Antwort: NO2 (Stickstoffdioxid) gilt als Leitsubstanz für Stickstoffoxide mit der stärksten Wirkung. Da Stickstoffmonoxid (NO) später auch zu NO2 umgewandelt wird, muss konsequenterweise auch der NO-Ausstoß begrenzt werden.
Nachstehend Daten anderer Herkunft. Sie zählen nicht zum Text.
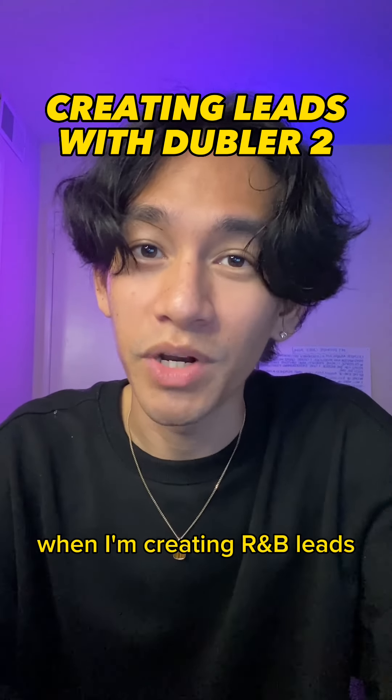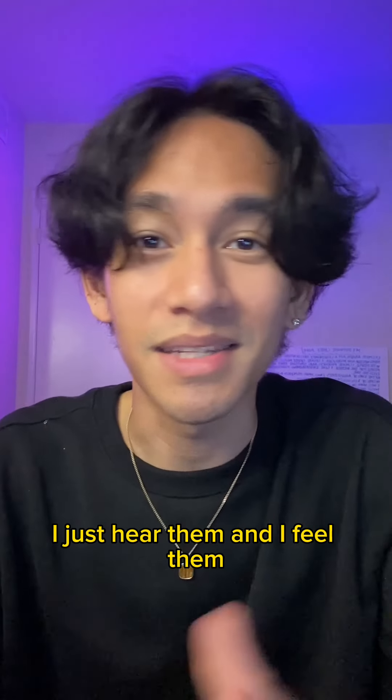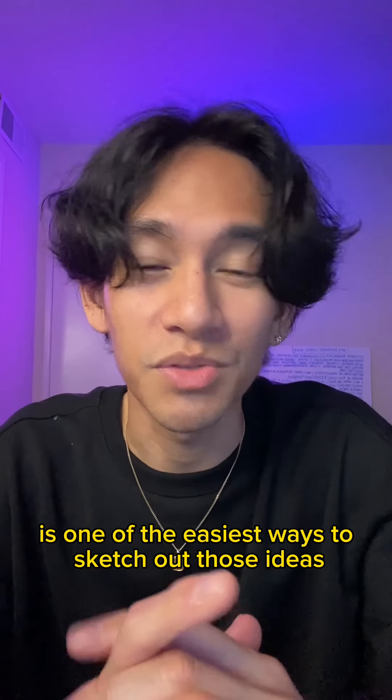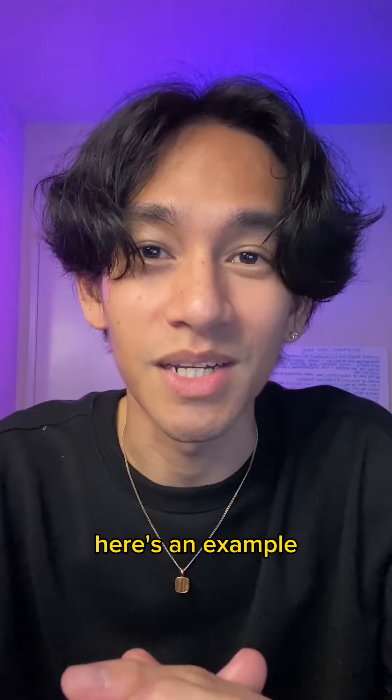I don't always know the notes that I hear in my head when I'm creating R&B leads. I just hear them and I feel them. But what I do find is that using Doubler 2 is one of the easiest ways to sketch out those ideas. Here's an example.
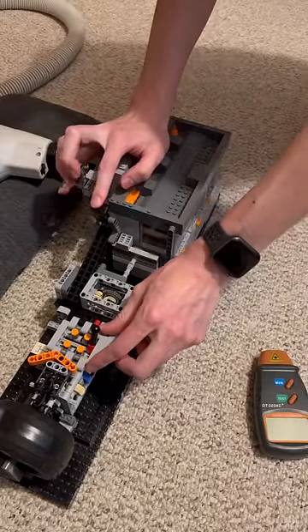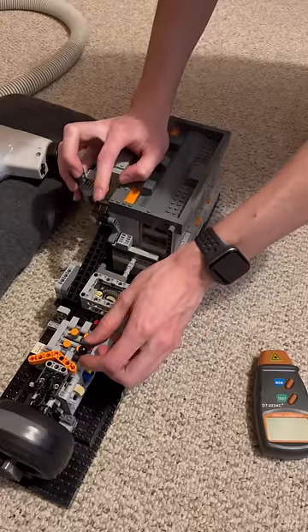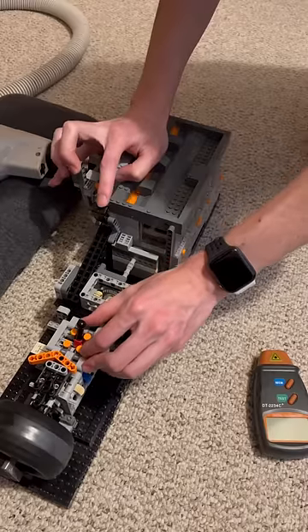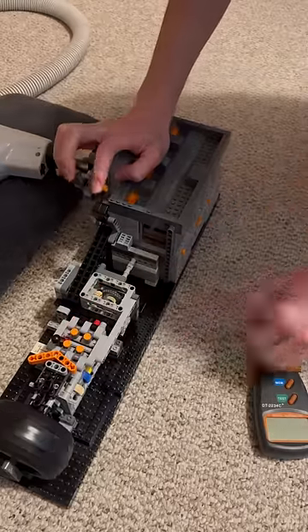Reverse. Nice. First, second... fourth and fifth.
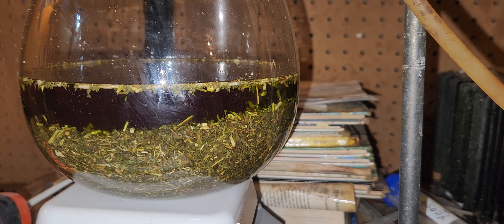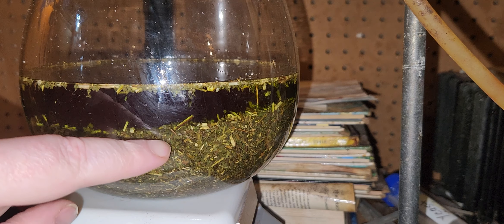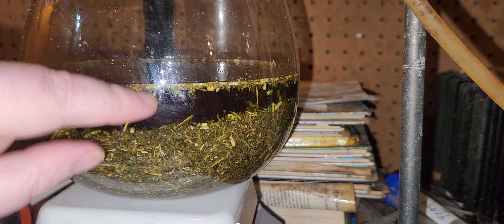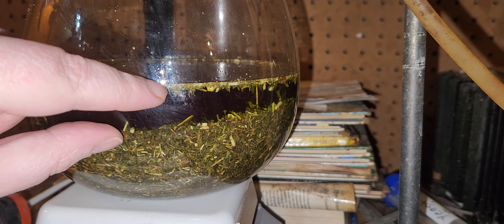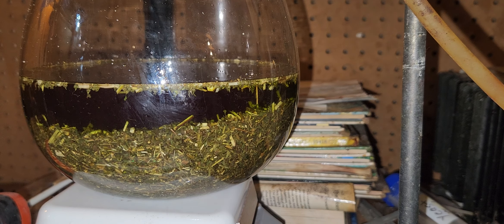Hello, this is the second part of the extraction. As you can see, this is the wormwood and this is the layer where the chlorophyll of the wormwood has been extracted with some of the oil residue.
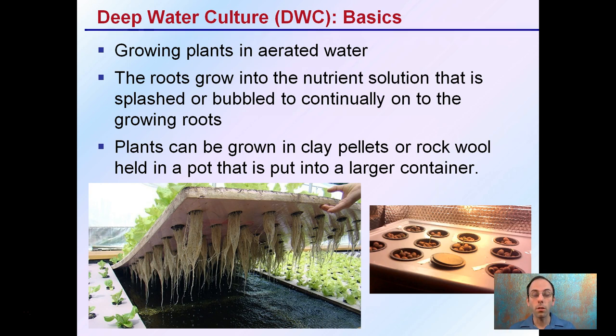The roots grow into the nutrient solution that is splashed or bubbled continually on the growing roots. You can kind of see a tray of that here.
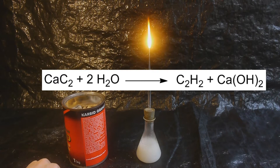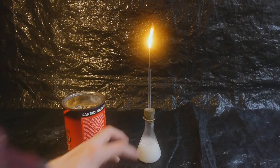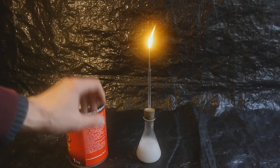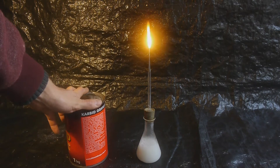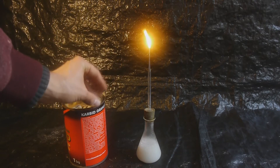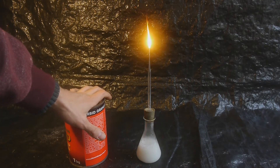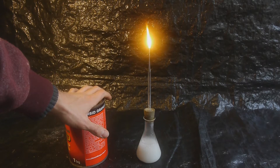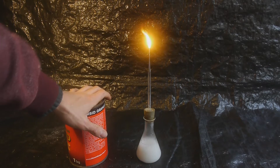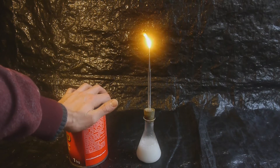This flame will keep on burning for quite a while — that's why it was used earlier to make lamps. At a certain point this method was used to make bicycle lamps, which is kind of hard to imagine today. The entire room is now getting filled with black soot, which is not ideal, so I should probably move that outside.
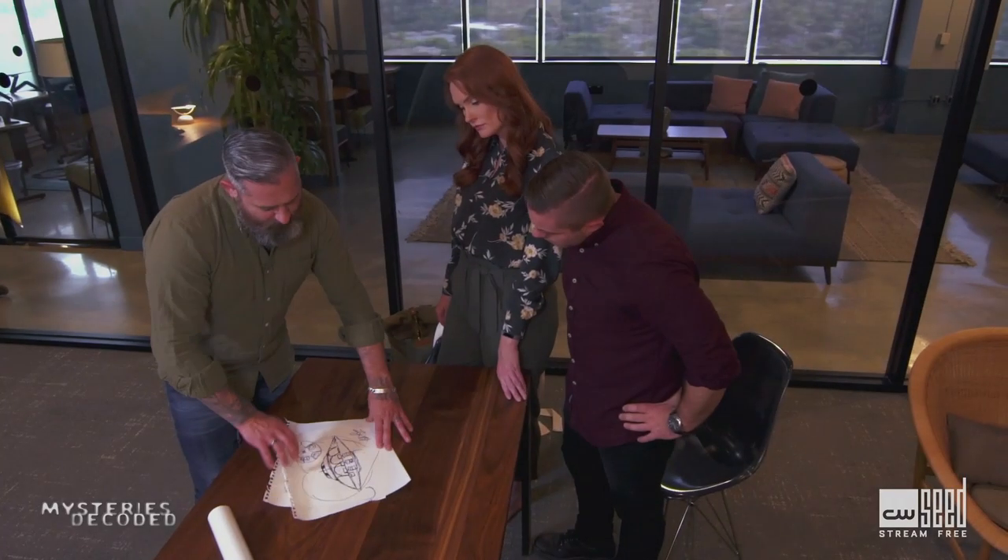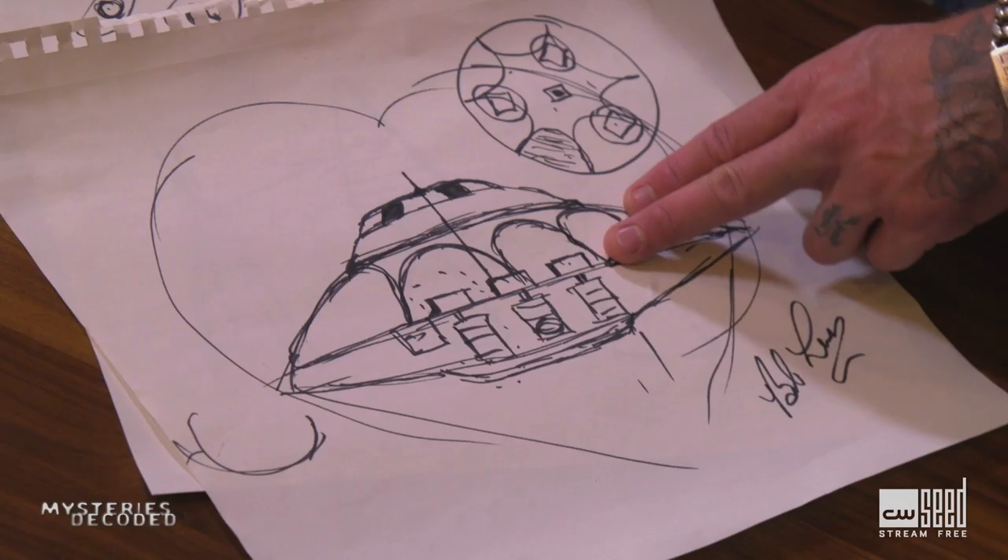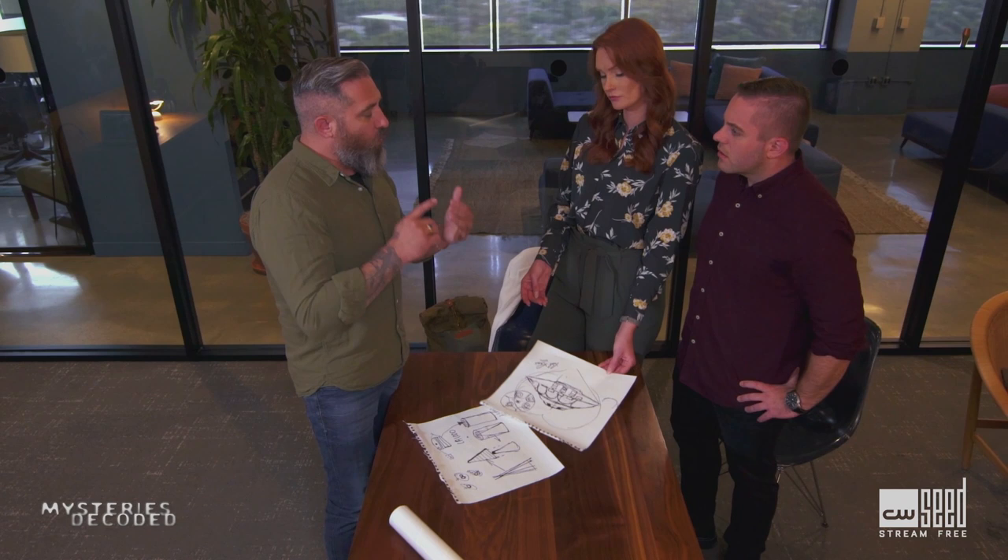This is the three-tiered craft that not only Bob says he worked on, but that he was inside of. And did he ever say anything about like seats or anything inside this thing? Yeah, that was the most ominous part because it was one color, one substance, like a kind of injection mold or something.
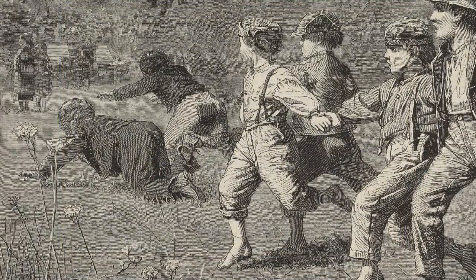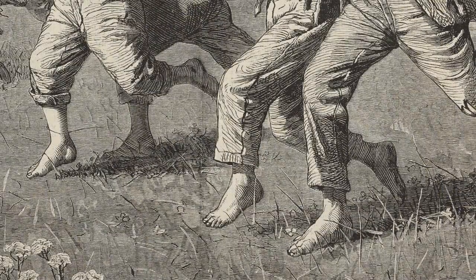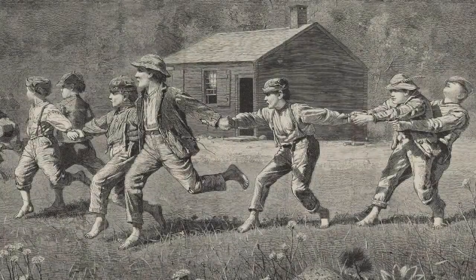During the 1870s, Homer produced a number of paintings, drawings and prints that dealt with the theme of children at school and at play. These images are often charming and delightful, nostalgic without being overly sentimental. Snap the Whip remains as popular today as it was when it was first published.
Es gibt Emissionsbegrenzungen für NOx (als Summe von NO + NO2) aus zahlreichen Prozessen der Verbrennung. Hier einige Beispiele:

Die NOx-Emissionen von Kleinfeuerungsanlagen sind in der im Jahre 2010 novellierten Kleinfeuerungsanlagenverordnung (1. Bundes-Immissionsschutz-Verordnung [1. BImSchV] geregelt. Sie sind differenziert nach Leistung der Heizung und der Brennstoffart.

Emissionsgrenzwerte für Großfeuerungsanlagen (Kraftwerke) betragen zwischen 100 und 400 mg/m3 Abgas (s. Dreizehnte Verordnung zur Durchführung des Bundes-Immissionsschutz­gesetzes (Verordnung über Großfeuerungs- und Gasturbinenanlagen, 13. BImSchV.

Die Abgasemissionen von Abfallverbrennungsanlagen sind durch die Grenzwerte der 17. Bundes-Immissionsschutz-Verordnung etwa in gleicher Höhe begrenzt .

Die NOx-Emissionsbegrenzungen für eine Vielzahl weiterer Anlagen werden in der Technischen Anleitung Luft (TA Luft, 1. Allgemeine VwV) geregelt.

Zu den Emissionsbegrenzungen für Kfz siehe „Was schreiben die Abgasnormen der EU für Kfz vor? Wo wie finde ich sie?“

Für NOx und die Schadstoffe SO2, flüchtige Nichtmethan-Kohlenwasserstoffe (NMVOC) sowie NH3 sind von der EU ab dem Jahr 2010 Jahresemissionshöchstgrenzen (engl.: NEC – ‚national emission ceilings’) für die Mitgliedstaaten festgelegt (siehe 2001/81/EG v. 23. Oktober 2001). Deutschland wurden 1,05 Millionen Tonnen an NOx-Emissionen zugestanden. Dieses Ziel wird voraussichtlich nicht erreicht.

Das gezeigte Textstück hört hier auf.